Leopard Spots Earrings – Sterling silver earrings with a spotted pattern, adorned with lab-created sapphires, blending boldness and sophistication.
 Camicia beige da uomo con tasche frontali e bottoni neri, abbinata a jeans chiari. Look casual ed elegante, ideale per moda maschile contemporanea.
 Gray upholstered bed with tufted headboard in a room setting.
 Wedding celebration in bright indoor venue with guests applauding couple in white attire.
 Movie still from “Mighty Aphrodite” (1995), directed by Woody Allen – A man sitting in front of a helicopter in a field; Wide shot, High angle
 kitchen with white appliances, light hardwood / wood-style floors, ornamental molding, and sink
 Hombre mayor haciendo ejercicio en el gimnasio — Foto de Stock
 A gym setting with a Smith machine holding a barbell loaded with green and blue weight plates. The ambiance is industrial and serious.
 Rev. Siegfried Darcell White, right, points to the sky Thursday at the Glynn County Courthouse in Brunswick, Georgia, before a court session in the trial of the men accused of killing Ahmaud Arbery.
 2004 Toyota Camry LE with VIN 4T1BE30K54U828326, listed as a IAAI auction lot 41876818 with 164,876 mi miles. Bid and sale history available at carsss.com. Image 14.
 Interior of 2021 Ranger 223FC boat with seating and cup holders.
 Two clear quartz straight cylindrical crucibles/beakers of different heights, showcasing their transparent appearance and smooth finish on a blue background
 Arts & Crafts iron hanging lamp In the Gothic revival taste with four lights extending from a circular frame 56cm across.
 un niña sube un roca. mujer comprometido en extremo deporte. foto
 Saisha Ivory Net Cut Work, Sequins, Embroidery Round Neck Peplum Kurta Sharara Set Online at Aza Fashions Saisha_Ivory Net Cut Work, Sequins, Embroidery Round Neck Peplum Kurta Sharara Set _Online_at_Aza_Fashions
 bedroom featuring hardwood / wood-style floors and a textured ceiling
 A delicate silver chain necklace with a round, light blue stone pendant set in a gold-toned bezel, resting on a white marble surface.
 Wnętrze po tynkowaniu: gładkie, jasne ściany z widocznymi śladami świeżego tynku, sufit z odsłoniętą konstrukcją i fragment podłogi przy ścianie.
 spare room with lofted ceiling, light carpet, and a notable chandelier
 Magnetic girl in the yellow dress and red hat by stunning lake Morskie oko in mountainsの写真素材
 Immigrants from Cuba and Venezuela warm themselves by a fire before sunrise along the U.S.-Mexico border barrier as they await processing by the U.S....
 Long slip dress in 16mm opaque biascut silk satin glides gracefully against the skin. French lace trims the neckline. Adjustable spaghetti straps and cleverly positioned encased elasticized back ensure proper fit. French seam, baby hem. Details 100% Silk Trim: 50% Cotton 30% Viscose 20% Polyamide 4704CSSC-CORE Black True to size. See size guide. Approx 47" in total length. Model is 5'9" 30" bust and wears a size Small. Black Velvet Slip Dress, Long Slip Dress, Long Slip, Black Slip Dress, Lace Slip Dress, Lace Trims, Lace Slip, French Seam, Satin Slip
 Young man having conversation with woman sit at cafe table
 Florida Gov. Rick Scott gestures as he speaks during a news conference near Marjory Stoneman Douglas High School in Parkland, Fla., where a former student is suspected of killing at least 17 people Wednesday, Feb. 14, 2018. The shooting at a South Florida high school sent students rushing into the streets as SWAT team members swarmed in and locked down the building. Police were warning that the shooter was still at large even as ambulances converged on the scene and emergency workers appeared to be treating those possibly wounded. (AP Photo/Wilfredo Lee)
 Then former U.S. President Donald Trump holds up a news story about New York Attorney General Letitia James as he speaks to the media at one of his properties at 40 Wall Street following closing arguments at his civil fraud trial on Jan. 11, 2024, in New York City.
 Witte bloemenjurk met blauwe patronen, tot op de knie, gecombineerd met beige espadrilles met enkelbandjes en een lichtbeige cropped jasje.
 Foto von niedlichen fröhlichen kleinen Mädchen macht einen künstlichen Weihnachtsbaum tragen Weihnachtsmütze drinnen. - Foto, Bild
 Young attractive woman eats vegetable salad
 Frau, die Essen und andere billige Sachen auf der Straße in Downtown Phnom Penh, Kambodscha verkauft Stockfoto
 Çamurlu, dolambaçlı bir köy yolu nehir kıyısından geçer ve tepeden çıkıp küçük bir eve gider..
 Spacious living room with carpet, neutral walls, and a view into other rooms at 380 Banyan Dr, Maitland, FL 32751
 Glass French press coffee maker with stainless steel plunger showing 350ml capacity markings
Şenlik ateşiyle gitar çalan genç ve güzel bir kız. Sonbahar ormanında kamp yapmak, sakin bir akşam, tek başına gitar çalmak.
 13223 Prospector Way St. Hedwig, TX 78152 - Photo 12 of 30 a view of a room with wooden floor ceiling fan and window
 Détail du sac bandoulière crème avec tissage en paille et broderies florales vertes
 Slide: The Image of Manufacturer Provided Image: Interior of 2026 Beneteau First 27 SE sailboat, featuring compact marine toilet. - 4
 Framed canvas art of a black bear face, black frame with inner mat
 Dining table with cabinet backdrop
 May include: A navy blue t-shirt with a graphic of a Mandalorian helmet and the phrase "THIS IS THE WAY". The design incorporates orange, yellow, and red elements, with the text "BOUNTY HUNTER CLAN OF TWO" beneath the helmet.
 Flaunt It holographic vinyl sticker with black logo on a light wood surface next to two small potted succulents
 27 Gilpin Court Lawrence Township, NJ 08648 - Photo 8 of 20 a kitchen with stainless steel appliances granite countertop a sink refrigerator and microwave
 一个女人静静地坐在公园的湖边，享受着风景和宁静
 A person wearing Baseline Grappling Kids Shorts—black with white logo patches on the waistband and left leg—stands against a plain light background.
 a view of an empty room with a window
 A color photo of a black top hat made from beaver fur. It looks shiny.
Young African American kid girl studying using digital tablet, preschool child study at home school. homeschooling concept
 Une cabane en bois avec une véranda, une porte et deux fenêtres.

- _ACTION ITEM_: Please restate the preceding entries word for word.

- _EXERCISE ANSWER_:
Leopard Spots Earrings – Sterling silver earrings with a spotted pattern, adorned with lab-created sapphires, blending boldness and sophistication.
 Camicia beige da uomo con tasche frontali e bottoni neri, abbinata a jeans chiari. Look casual ed elegante, ideale per moda maschile contemporanea.
 Gray upholstered bed with tufted headboard in a room setting.
 Wedding celebration in bright indoor venue with guests applauding couple in white attire.
 Movie still from “Mighty Aphrodite” (1995), directed by Woody Allen – A man sitting in front of a helicopter in a field; Wide shot, High angle
 kitchen with white appliances, light hardwood / wood-style floors, ornamental molding, and sink
 Hombre mayor haciendo ejercicio en el gimnasio — Foto de Stock
 A gym setting with a Smith machine holding a barbell loaded with green and blue weight plates. The ambiance is industrial and serious.
 Rev. Siegfried Darcell White, right, points to the sky Thursday at the Glynn County Courthouse in Brunswick, Georgia, before a court session in the trial of the men accused of killing Ahmaud Arbery.
 2004 Toyota Camry LE with VIN 4T1BE30K54U828326, listed as a IAAI auction lot 41876818 with 164,876 mi miles. Bid and sale history available at carsss.com. Image 14.
 Interior of 2021 Ranger 223FC boat with seating and cup holders.
 Two clear quartz straight cylindrical crucibles/beakers of different heights, showcasing their transparent appearance and smooth finish on a blue background
 Arts & Crafts iron hanging lamp In the Gothic revival taste with four lights extending from a circular frame 56cm across.
 un niña sube un roca. mujer comprometido en extremo deporte. foto
 Saisha Ivory Net Cut Work, Sequins, Embroidery Round Neck Peplum Kurta Sharara Set Online at Aza Fashions Saisha_Ivory Net Cut Work, Sequins, Embroidery Round Neck Peplum Kurta Sharara Set _Online_at_Aza_Fashions
 bedroom featuring hardwood / wood-style floors and a textured ceiling
 A delicate silver chain necklace with a round, light blue stone pendant set in a gold-toned bezel, resting on a white marble surface.
 Wnętrze po tynkowaniu: gładkie, jasne ściany z widocznymi śladami świeżego tynku, sufit z odsłoniętą konstrukcją i fragment podłogi przy ścianie.
 spare room with lofted ceiling, light carpet, and a notable chandelier
 Magnetic girl in the yellow dress and red hat by stunning lake Morskie oko in mountainsの写真素材
 Immigrants from Cuba and Venezuela warm themselves by a fire before sunrise along the U.S.-Mexico border barrier as they await processing by the U.S....
 Long slip dress in 16mm opaque biascut silk satin glides gracefully against the skin. French lace trims the neckline. Adjustable spaghetti straps and cleverly positioned encased elasticized back ensure proper fit. French seam, baby hem. Details 100% Silk Trim: 50% Cotton 30% Viscose 20% Polyamide 4704CSSC-CORE Black True to size. See size guide. Approx 47" in total length. Model is 5'9" 30" bust and wears a size Small. Black Velvet Slip Dress, Long Slip Dress, Long Slip, Black Slip Dress, Lace Slip Dress, Lace Trims, Lace Slip, French Seam, Satin Slip
 Young man having conversation with woman sit at cafe table
 Florida Gov. Rick Scott gestures as he speaks during a news conference near Marjory Stoneman Douglas High School in Parkland, Fla., where a former student is suspected of killing at least 17 people Wednesday, Feb. 14, 2018. The shooting at a South Florida high school sent students rushing into the streets as SWAT team members swarmed in and locked down the building. Police were warning that the shooter was still at large even as ambulances converged on the scene and emergency workers appeared to be treating those possibly wounded. (AP Photo/Wilfredo Lee)
 Then former U.S. President Donald Trump holds up a news story about New York Attorney General Letitia James as he speaks to the media at one of his properties at 40 Wall Street following closing arguments at his civil fraud trial on Jan. 11, 2024, in New York City.
 Witte bloemenjurk met blauwe patronen, tot op de knie, gecombineerd met beige espadrilles met enkelbandjes en een lichtbeige cropped jasje.
 Foto von niedlichen fröhlichen kleinen Mädchen macht einen künstlichen Weihnachtsbaum tragen Weihnachtsmütze drinnen. - Foto, Bild
 Young attractive woman eats vegetable salad
 Frau, die Essen und andere billige Sachen auf der Straße in Downtown Phnom Penh, Kambodscha verkauft Stockfoto
 Çamurlu, dolambaçlı bir köy yolu nehir kıyısından geçer ve tepeden çıkıp küçük bir eve gider..
 Spacious living room with carpet, neutral walls, and a view into other rooms at 380 Banyan Dr, Maitland, FL 32751
 Glass French press coffee maker with stainless steel plunger showing 350ml capacity markings
Şenlik ateşiyle gitar çalan genç ve güzel bir kız. Sonbahar ormanında kamp yapmak, sakin bir akşam, tek başına gitar çalmak.
 13223 Prospector Way St. Hedwig, TX 78152 - Photo 12 of 30 a view of a room with wooden floor ceiling fan and window
 Détail du sac bandoulière crème avec tissage en paille et broderies florales vertes
 Slide: The Image of Manufacturer Provided Image: Interior of 2026 Beneteau First 27 SE sailboat, featuring compact marine toilet. - 4
 Framed canvas art of a black bear face, black frame with inner mat
 Dining table with cabinet backdrop
 May include: A navy blue t-shirt with a graphic of a Mandalorian helmet and the phrase "THIS IS THE WAY". The design incorporates orange, yellow, and red elements, with the text "BOUNTY HUNTER CLAN OF TWO" beneath the helmet.
 Flaunt It holographic vinyl sticker with black logo on a light wood surface next to two small potted succulents
 27 Gilpin Court Lawrence Township, NJ 08648 - Photo 8 of 20 a kitchen with stainless steel appliances granite countertop a sink refrigerator and microwave
 一个女人静静地坐在公园的湖边，享受着风景和宁静
 A person wearing Baseline Grappling Kids Shorts—black with white logo patches on the waistband and left leg—stands against a plain light background.
 a view of an empty room with a window
 A color photo of a black top hat made from beaver fur. It looks shiny.
Young African American kid girl studying using digital tablet, preschool child study at home school. homeschooling concept
 Une cabane en bois avec une véranda, une porte et deux fenêtres.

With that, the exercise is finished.